My solution was to implement two filters. Instead of measuring the RTT “min”, I measure an RTT “mode” as:
RTTmode = min (RTTmode, max(RTTn, …, RTTn-4))
Then, I would detect congestion when 5 consecutive RTT measurements are all larger than the mode. This stabilized my implementation of Hystart, and greatly reduced the number of “false exit”.
If you look closely at the graph of RTT above, you will see a number of vertical bars with multiple measurements happening at almost the same time. This is a classic symptom of “ACK compression”. Some mechanism in the path causes ACK packets to be queued and then all released at the same time. I copied in my implementation the packet repetition algorithms described in the Quic recovery specification, but the algorithms were not designed to deal with this kind of ACK compression. The queuing of the acknowledgment caused packets to be retransmitted too soon. The ACK was received some time later, causing the retransmission to be classified “spurious”, but since the Cubic RFC does not say anything about spurious retransmissions. I had not written any code to deal with it. The results were not good:
Each time a packet is retransmitted, the Cubic algorithm exits the congestion avoidance mode and recompute its coefficients. We see in the graph that each spurious retransmission is mistaken as a congestion signal, causing the congestion window to “ratchet down”. The performances become really bad.
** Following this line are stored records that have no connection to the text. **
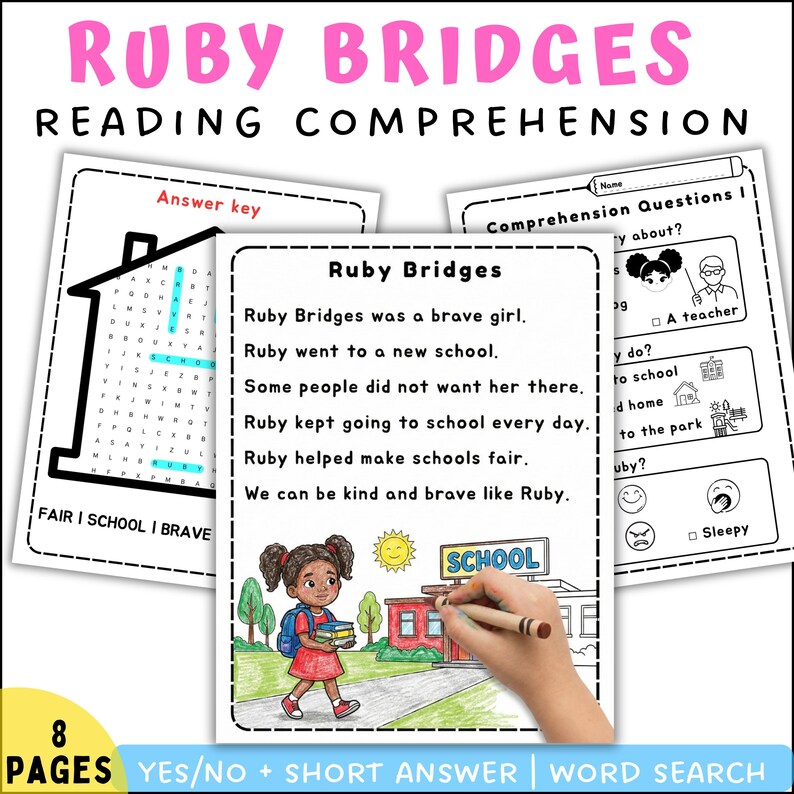 Ruby Bridges Reading Comprehension & Word Search | Black History Month ...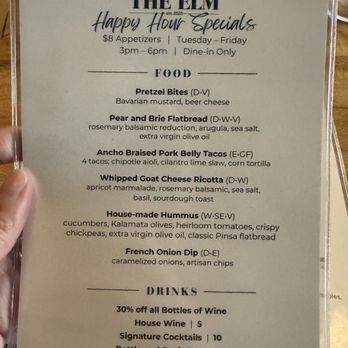 The Elm - Happy Hour Menu - New American Near Me - La Grange, Illinois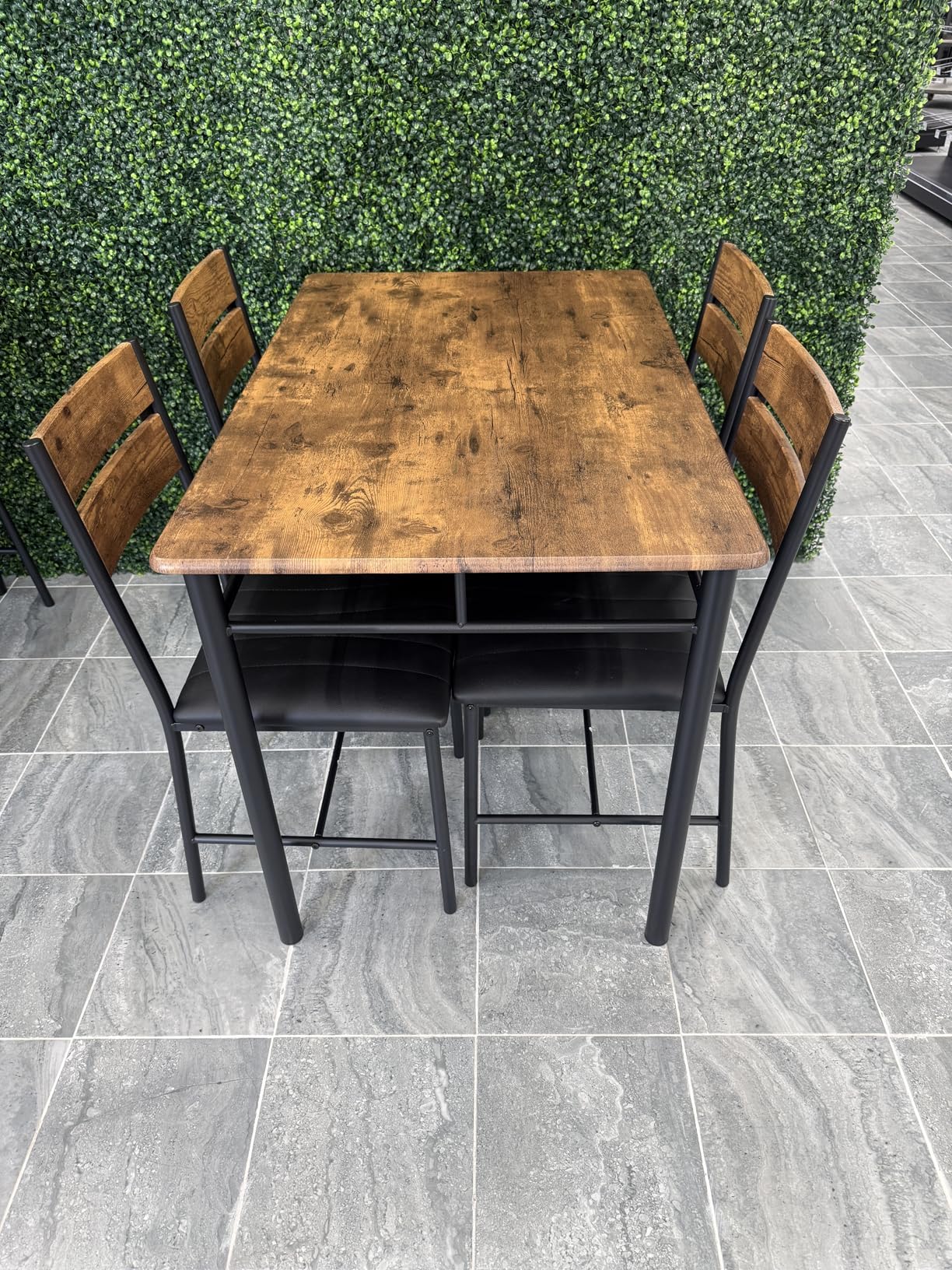 IRONCK Dining Table Set for 4, Rustic Brown | Wood Kitchen Table with Upholstered Chairs for Kitchen Room and Small Spaces customer photo 1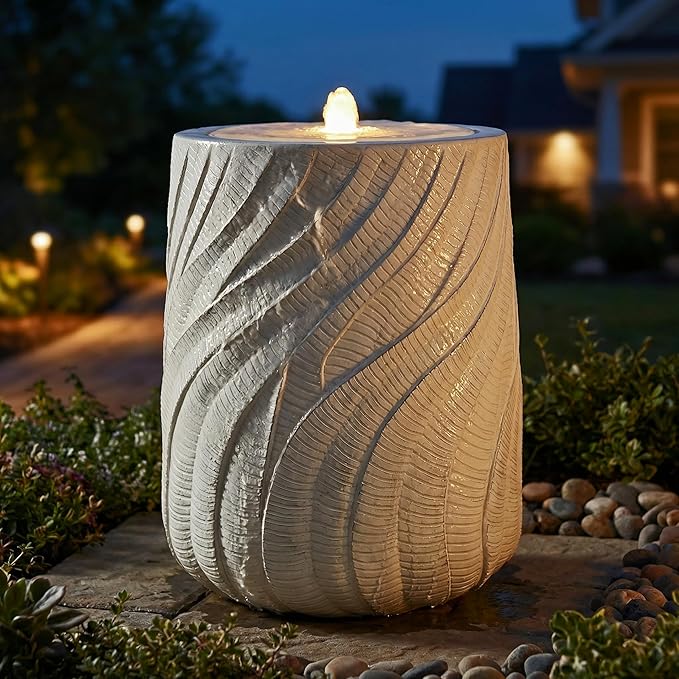 Sunnydaze Outdoor Water Fountain with LED Light - Textured Spiral Bubbler Water Feature with Pump - 22" H - for Patio, Garden, Deck, Relaxation and Stress Relief - White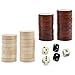 ASNEY Wooden Backgammon Pieces, Solid Wood Checker Pieces Set Board Game Table Chips and 5 Dices, Includes Storage Bag (1.34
The solution is to implement some form of spurious retransmission recovery. Supposed that a retransmission caused the congestion window to shrink and is later recognized as spurious. Spurious retransmission recovery will reset the congestion control to the state that it would have if the retransmission did not happen. In Cubic, that means restoring key parameters like the coefficients K and Wmax or the beginning of the epoch to their value before the retransmission. After doing that, Cubic performs much better:
During the Quic Interop sessions, we do tests comparing the performance of Quic and HTTP3 to the performance of a classic HTTP2 server. On my server I do that by comparing the performance of Picoquic to that of an Apache2 server running on the same machine. The test is officially described as: Download objects named 5000000 and 10000000 on separate connections over both HTTP/2 and HTTP/3 (0.9 if H3 not available). Overall transfer time should be no worse than 10% slower than HTTP/2.
With the fixes described above, the Quic server is definitely not 10% slower than the HTTP server. In fact, it is close to twice faster. Innovation is good!